How to complete this task => Word for word, restate the lines of the data from the first through the one containing "Obrázek chatgpt pochopil", and nothing else.

Scraped caption text data:
○ ○ ○ ○
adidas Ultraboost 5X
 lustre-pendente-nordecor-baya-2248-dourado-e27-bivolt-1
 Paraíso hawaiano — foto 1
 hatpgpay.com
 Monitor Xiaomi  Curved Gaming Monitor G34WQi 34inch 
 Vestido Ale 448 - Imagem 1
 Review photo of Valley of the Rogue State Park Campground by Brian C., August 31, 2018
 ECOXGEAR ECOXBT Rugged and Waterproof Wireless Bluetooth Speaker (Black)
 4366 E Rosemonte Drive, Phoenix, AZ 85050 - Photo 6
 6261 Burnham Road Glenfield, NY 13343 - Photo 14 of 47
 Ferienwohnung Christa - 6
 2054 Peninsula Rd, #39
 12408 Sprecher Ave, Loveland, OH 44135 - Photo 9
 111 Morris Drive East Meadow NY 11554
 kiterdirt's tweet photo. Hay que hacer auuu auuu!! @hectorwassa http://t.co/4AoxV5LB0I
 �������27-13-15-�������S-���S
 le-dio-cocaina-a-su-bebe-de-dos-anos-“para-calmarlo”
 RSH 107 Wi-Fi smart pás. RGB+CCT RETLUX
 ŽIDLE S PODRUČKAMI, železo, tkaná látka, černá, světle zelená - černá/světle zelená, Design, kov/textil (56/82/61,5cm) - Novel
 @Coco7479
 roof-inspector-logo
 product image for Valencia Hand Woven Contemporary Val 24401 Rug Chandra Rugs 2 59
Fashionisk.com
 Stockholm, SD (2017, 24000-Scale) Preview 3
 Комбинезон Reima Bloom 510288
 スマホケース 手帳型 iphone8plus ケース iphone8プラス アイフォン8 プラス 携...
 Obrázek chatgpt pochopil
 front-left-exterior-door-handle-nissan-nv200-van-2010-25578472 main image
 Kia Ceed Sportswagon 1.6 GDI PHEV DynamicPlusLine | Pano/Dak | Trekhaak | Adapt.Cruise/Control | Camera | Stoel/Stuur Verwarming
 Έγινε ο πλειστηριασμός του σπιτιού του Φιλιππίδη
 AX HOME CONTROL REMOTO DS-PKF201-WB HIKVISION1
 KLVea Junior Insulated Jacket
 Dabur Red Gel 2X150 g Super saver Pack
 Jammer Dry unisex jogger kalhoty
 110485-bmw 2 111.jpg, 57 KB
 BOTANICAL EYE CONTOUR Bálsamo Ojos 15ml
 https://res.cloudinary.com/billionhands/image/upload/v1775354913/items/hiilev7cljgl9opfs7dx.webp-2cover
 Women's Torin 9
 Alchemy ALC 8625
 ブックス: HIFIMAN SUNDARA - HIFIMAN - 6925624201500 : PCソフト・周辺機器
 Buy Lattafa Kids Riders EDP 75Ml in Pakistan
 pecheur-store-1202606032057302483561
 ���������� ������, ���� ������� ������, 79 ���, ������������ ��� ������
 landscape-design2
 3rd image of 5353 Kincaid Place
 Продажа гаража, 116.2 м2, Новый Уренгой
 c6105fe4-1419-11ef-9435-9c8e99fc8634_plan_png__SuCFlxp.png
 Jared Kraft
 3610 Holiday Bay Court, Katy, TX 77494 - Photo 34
○ ○ ○ ○
Response box =>
adidas Ultraboost 5X
 lustre-pendente-nordecor-baya-2248-dourado-e27-bivolt-1
 Paraíso hawaiano — foto 1
 hatpgpay.com
 Monitor Xiaomi  Curved Gaming Monitor G34WQi 34inch 
 Vestido Ale 448 - Imagem 1
 Review photo of Valley of the Rogue State Park Campground by Brian C., August 31, 2018
 ECOXGEAR ECOXBT Rugged and Waterproof Wireless Bluetooth Speaker (Black)
 4366 E Rosemonte Drive, Phoenix, AZ 85050 - Photo 6
 6261 Burnham Road Glenfield, NY 13343 - Photo 14 of 47
 Ferienwohnung Christa - 6
 2054 Peninsula Rd, #39
 12408 Sprecher Ave, Loveland, OH 44135 - Photo 9
 111 Morris Drive East Meadow NY 11554
 kiterdirt's tweet photo. Hay que hacer auuu auuu!! @hectorwassa http://t.co/4AoxV5LB0I
 �������27-13-15-�������S-���S
 le-dio-cocaina-a-su-bebe-de-dos-anos-“para-calmarlo”
 RSH 107 Wi-Fi smart pás. RGB+CCT RETLUX
 ŽIDLE S PODRUČKAMI, železo, tkaná látka, černá, světle zelená - černá/světle zelená, Design, kov/textil (56/82/61,5cm) - Novel
 @Coco7479
 roof-inspector-logo
 product image for Valencia Hand Woven Contemporary Val 24401 Rug Chandra Rugs 2 59
Fashionisk.com
 Stockholm, SD (2017, 24000-Scale) Preview 3
 Комбинезон Reima Bloom 510288
 スマホケース 手帳型 iphone8plus ケース iphone8プラス アイフォン8 プラス 携...
 Obrázek chatgpt pochopil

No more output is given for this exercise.